# How many bikes do you have?



## Zephyr (Jun 3, 2011)

I'm curious on how many bikes do you have?
I'll start
I have about 20 in my "vintage collection" which are mainly cruisers from the 60's.
My overall amount is between 70 and 100. I haven't count them in a while.
This picture will give you an idea.


----------



## OldRider (Jun 4, 2011)

My shed holds 4 bikes so I limit myself to that amount, only one vintage ride though.
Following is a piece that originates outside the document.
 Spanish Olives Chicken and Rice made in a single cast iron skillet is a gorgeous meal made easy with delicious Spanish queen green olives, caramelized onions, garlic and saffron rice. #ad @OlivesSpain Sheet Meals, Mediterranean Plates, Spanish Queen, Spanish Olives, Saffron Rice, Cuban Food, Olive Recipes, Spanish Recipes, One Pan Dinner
If I let myself go I'd be a compulsive hoarder but my shed keeps me in check


----------



## MartyW (Jun 4, 2011)

Mine is always flucuating as I buy and sell but it seems to stay around thirty or so.
Now my NOS parts and lights have taken on a life of their own.


----------



## cyclingday (Jun 4, 2011)

Twelve.

When I started riding with the Cyclone Coasters, I thought it would add interest to the rides if I could bring out a different bike for each month of the year.

Twelve bikes it turns out, is about eight bikes too many.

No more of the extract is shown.